-- Records supplied follows --
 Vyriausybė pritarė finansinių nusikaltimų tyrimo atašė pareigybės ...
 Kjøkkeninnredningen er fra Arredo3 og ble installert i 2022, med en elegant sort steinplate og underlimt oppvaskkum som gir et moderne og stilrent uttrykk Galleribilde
-- Records supplied concluded --
-- Records supplied follows --
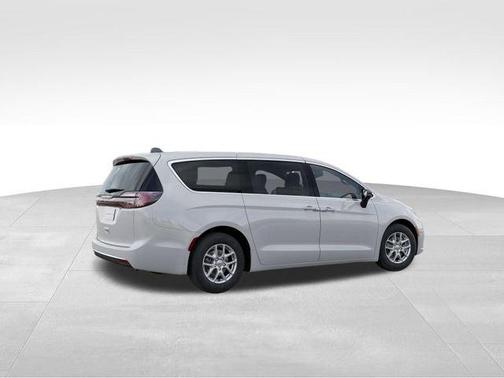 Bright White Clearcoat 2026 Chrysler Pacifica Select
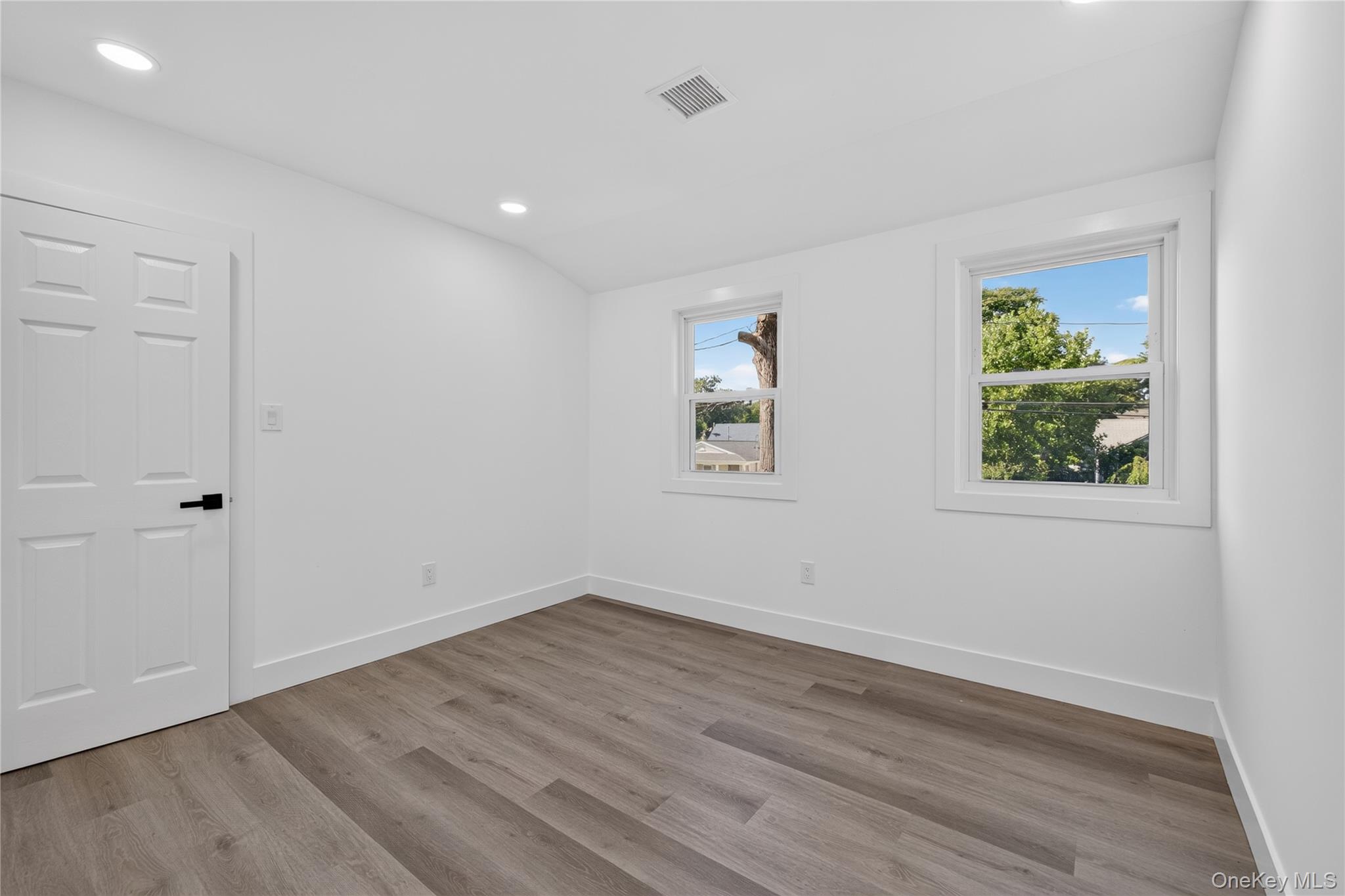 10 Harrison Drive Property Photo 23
-- Records supplied concluded --
Your instructions: Beginning with the line holding "Vyriausybė pritarė finansinių" and ending with the line holding "Kjøkkeninnredningen er fra", write out the stretch of material above exactly; add no further lines.

Exercise answer:
 Vyriausybė pritarė finansinių nusikaltimų tyrimo atašė pareigybės ...
 Kjøkkeninnredningen er fra Arredo3 og ble installert i 2022, med en elegant sort steinplate og underlimt oppvaskkum som gir et moderne og stilrent uttrykk Galleribilde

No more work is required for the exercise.